Exact copy, no pictures: return only the lines below from the line with "Outdoor Dog Bed" up to and including the line with "Astrum G03 Smart Glasses | AI Cam BT Audio".

:: Supplied records

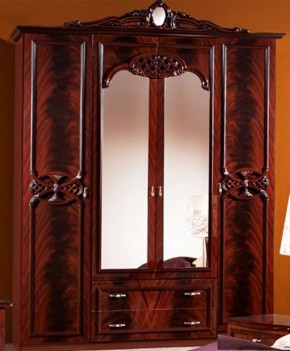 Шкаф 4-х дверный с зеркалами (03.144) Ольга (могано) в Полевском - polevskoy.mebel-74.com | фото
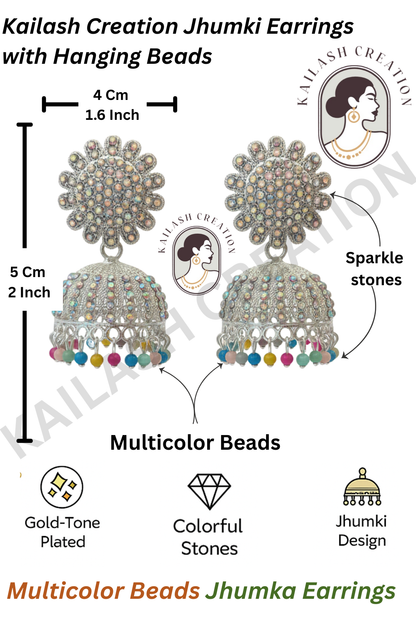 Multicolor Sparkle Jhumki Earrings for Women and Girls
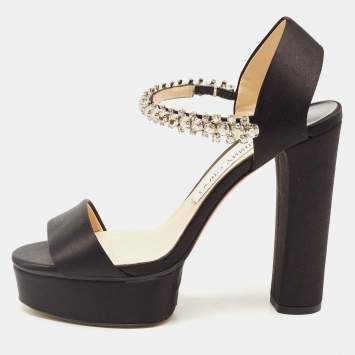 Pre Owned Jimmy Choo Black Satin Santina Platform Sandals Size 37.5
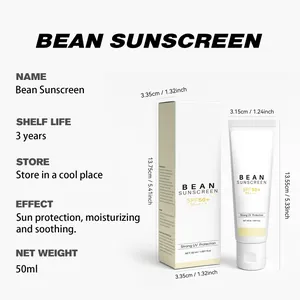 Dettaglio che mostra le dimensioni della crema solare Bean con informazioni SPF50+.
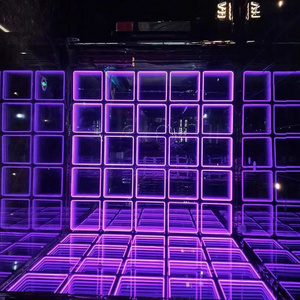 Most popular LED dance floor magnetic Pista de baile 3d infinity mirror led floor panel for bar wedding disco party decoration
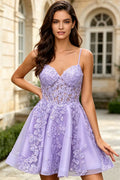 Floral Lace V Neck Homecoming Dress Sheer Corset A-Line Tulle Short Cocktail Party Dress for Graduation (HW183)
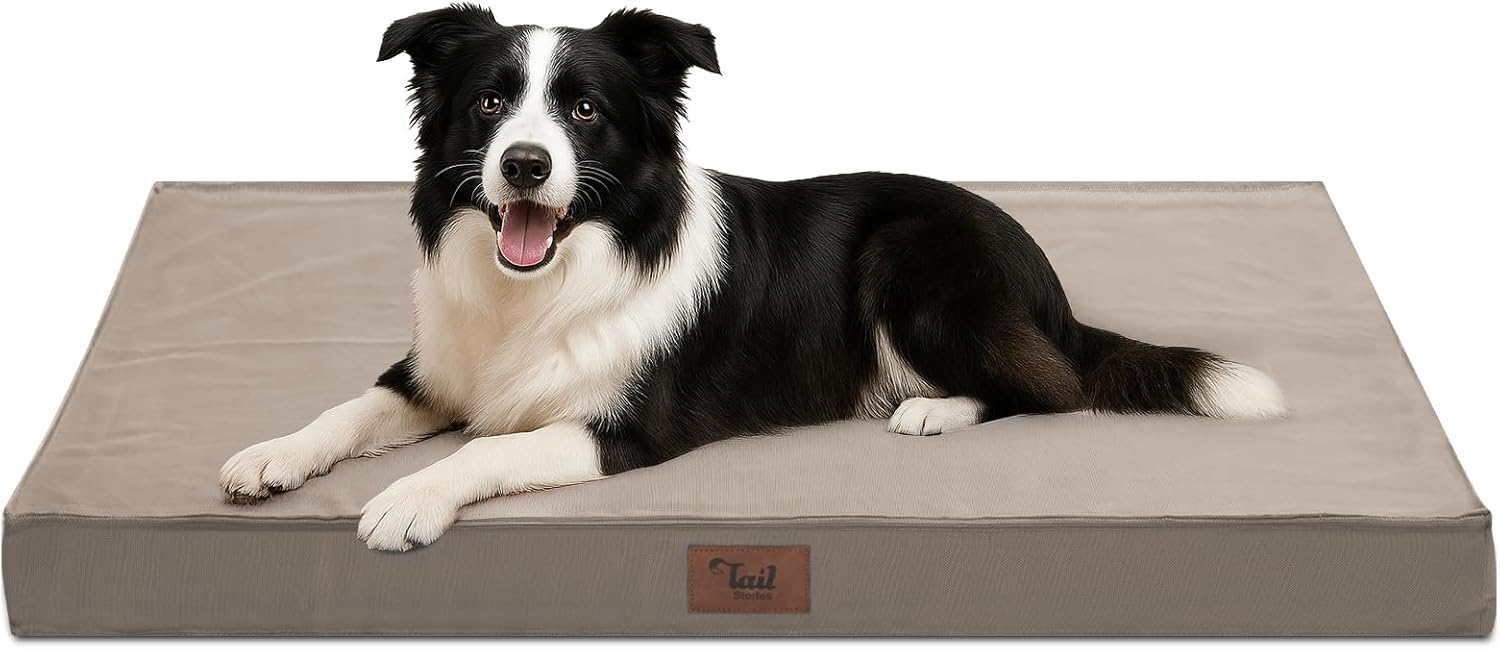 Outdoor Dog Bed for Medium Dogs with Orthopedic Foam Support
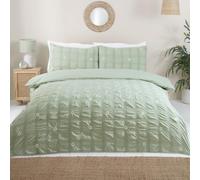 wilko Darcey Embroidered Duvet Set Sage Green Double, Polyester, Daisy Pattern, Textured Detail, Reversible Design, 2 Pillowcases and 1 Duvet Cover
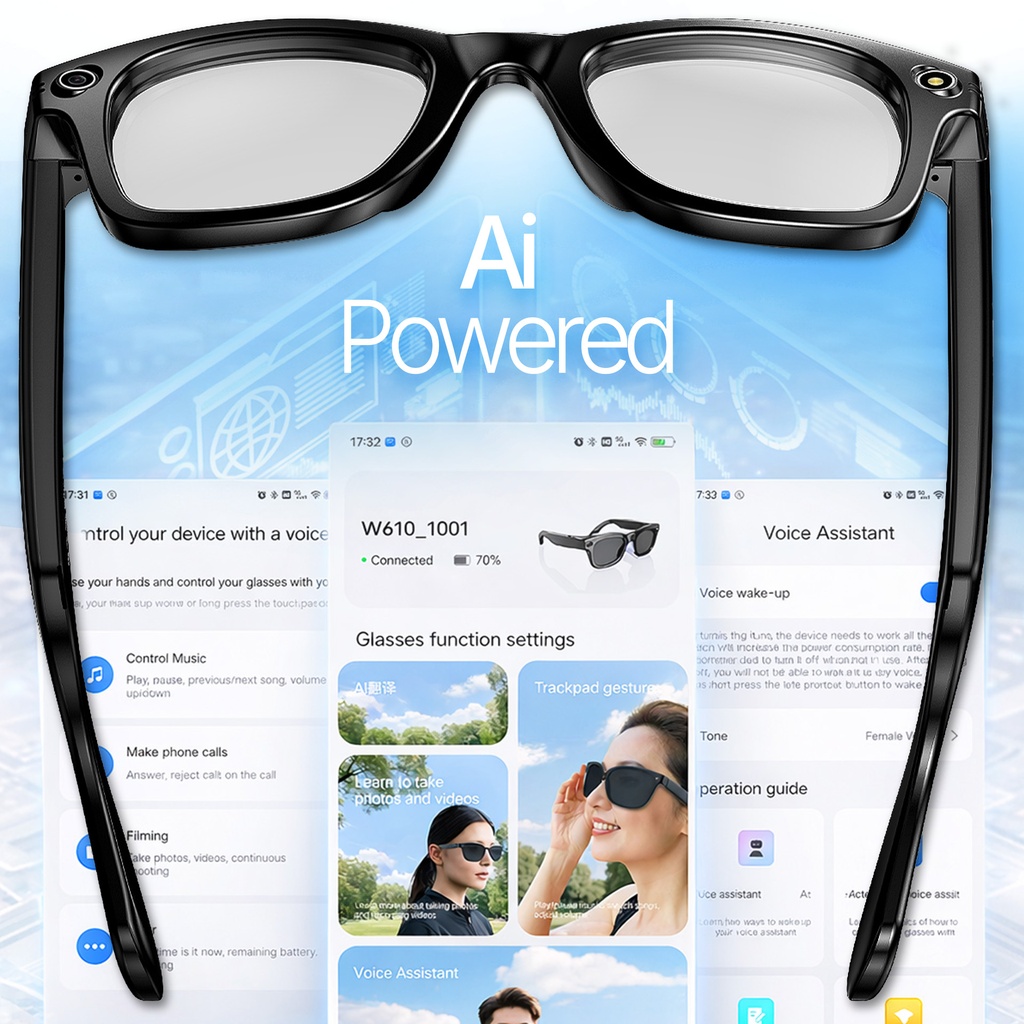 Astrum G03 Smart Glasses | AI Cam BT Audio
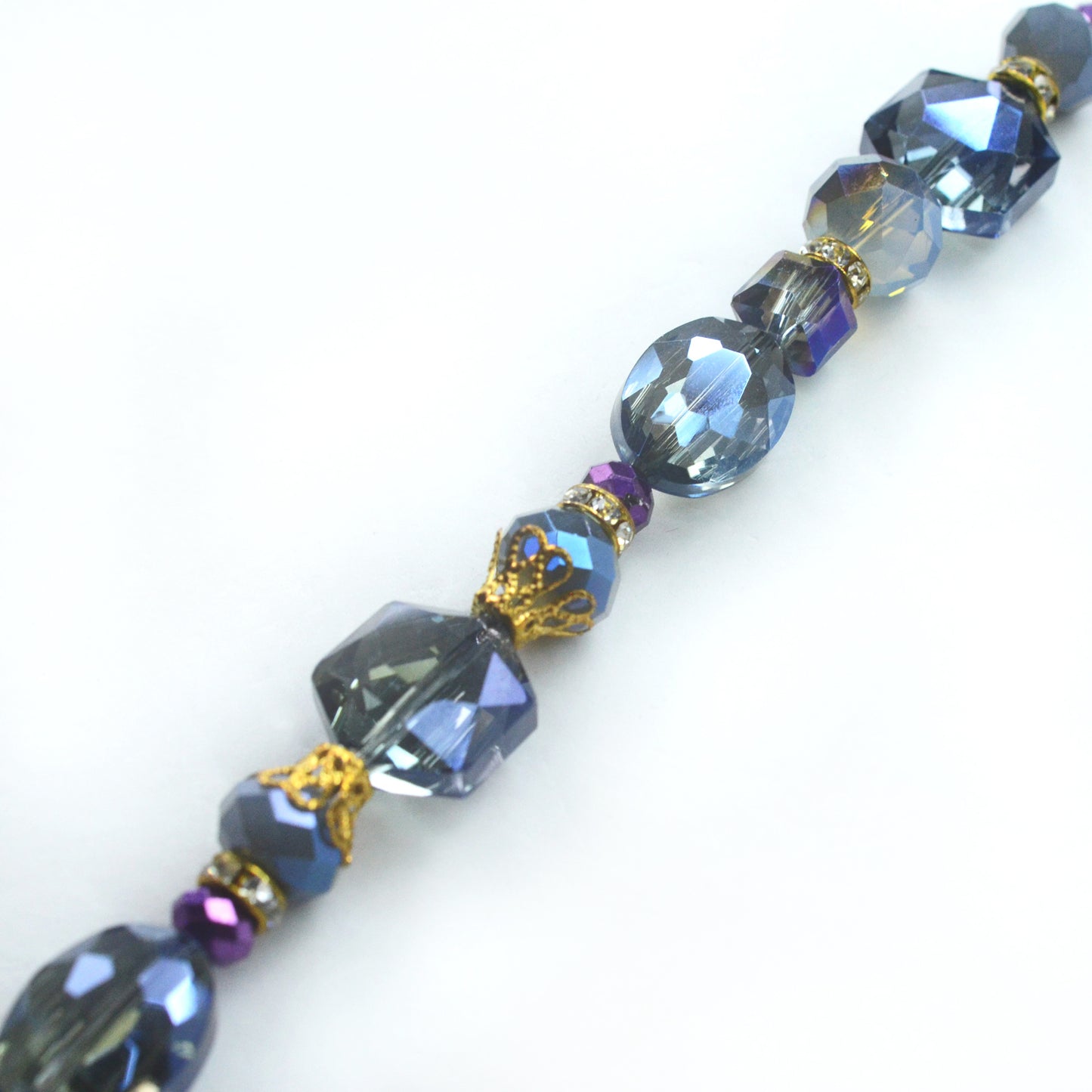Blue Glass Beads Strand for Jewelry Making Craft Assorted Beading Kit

::::

### Final answer
 Outdoor Dog Bed for Medium Dogs with Orthopedic Foam Support
 wilko Darcey Embroidered Duvet Set Sage Green Double, Polyester, Daisy Pattern, Textured Detail, Reversible Design, 2 Pillowcases and 1 Duvet Cover
 Astrum G03 Smart Glasses | AI Cam BT Audio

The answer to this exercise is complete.